Image-caption web data
====

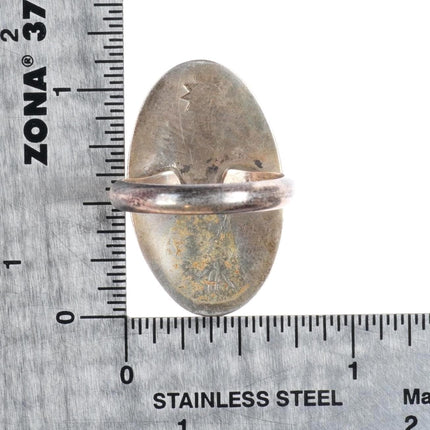 sz7 vintage Hopi Silvercrafts Guild Overlay ring sterling silver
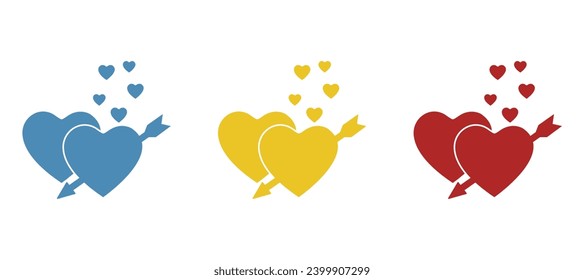 heart icon on a white background, vector illustration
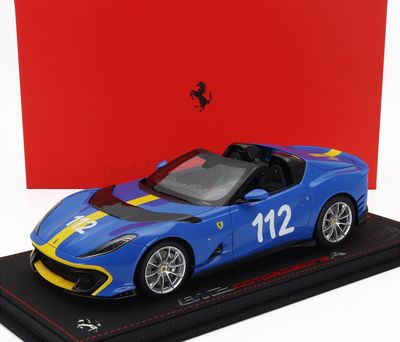1:18 BBR - Ferrari 812 Competizione A French Racing Blue 1:18 BBR - Ferrari 812 Competizione A French Racing Blue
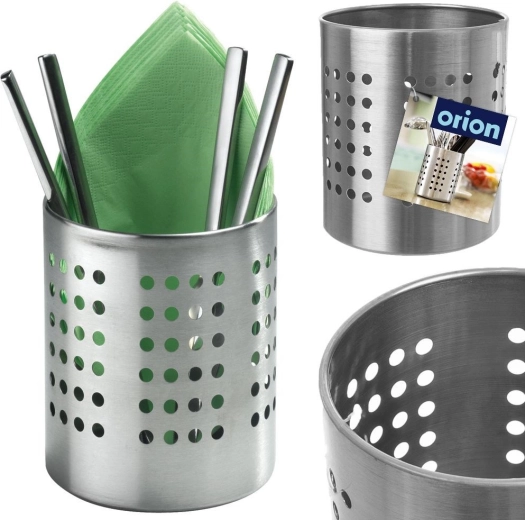 Stabiler Edelstahl in silberner Ausführung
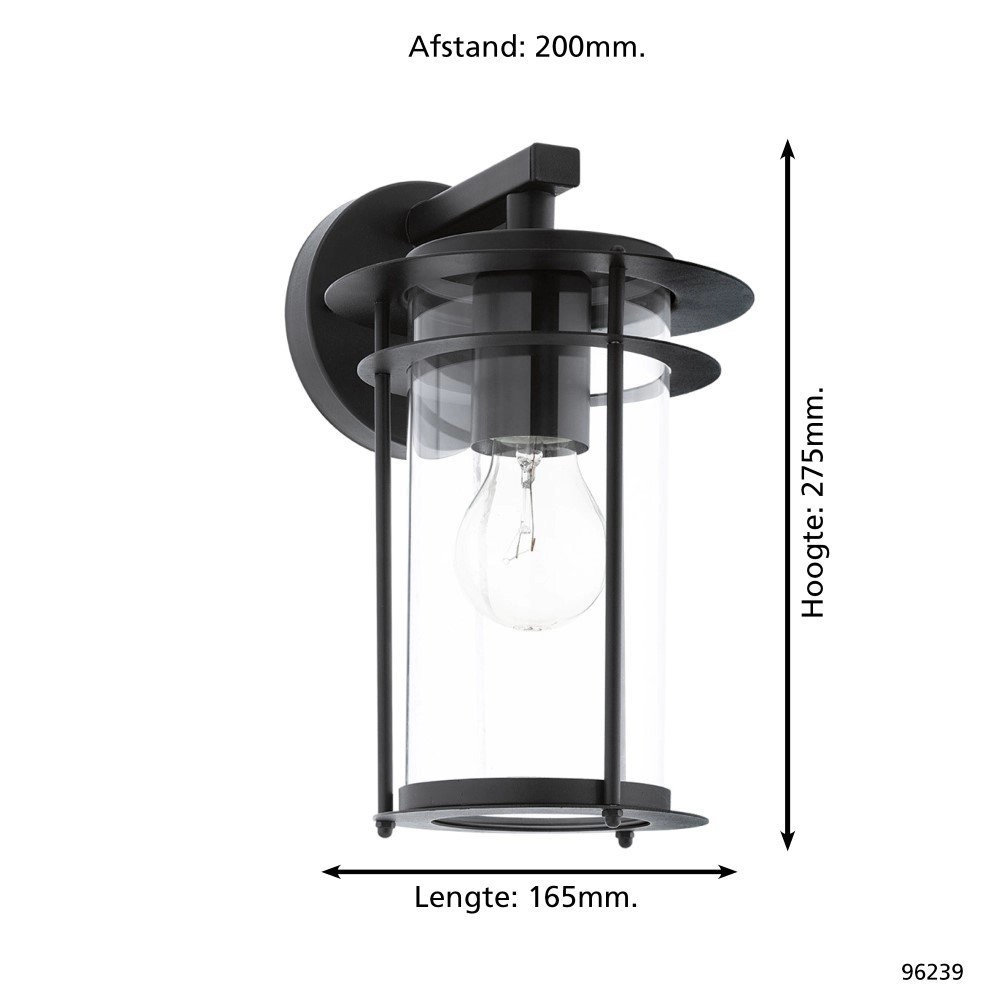 Outdoor lamp Valdeo black Eglo 9002759962395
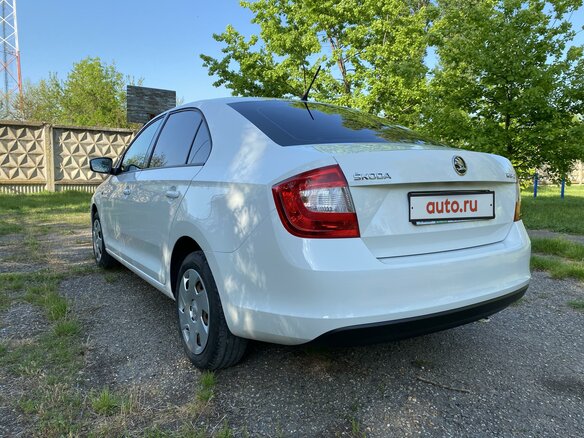 2014 Skoda Rapid I, белый - вид 6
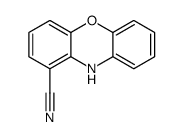 10H-Phenoxazine-1-carbonitrile结构式
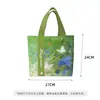 Bolsa de Tela para Compras con Pintura al Óleo de Mariposa y Flor para Mujer, Gran Capacidad, Diseño Floral Verde Fresco con Mariposas, Bolso de Hombro para Estudiantes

====

### About this exercise
The range runs from the line containing "2014 Skoda Rapid I, белый - вид 6" through the end of the entries; print those lines exactly and leave the pictures out.

### Response to the exercise
 2014 Skoda Rapid I, белый - вид 6
 10H-Phenoxazine-1-carbonitrile结构式
 Bolsa de Tela para Compras con Pintura al Óleo de Mariposa y Flor para Mujer, Gran Capacidad, Diseño Floral Verde Fresco con Mariposas, Bolso de Hombro para Estudiantes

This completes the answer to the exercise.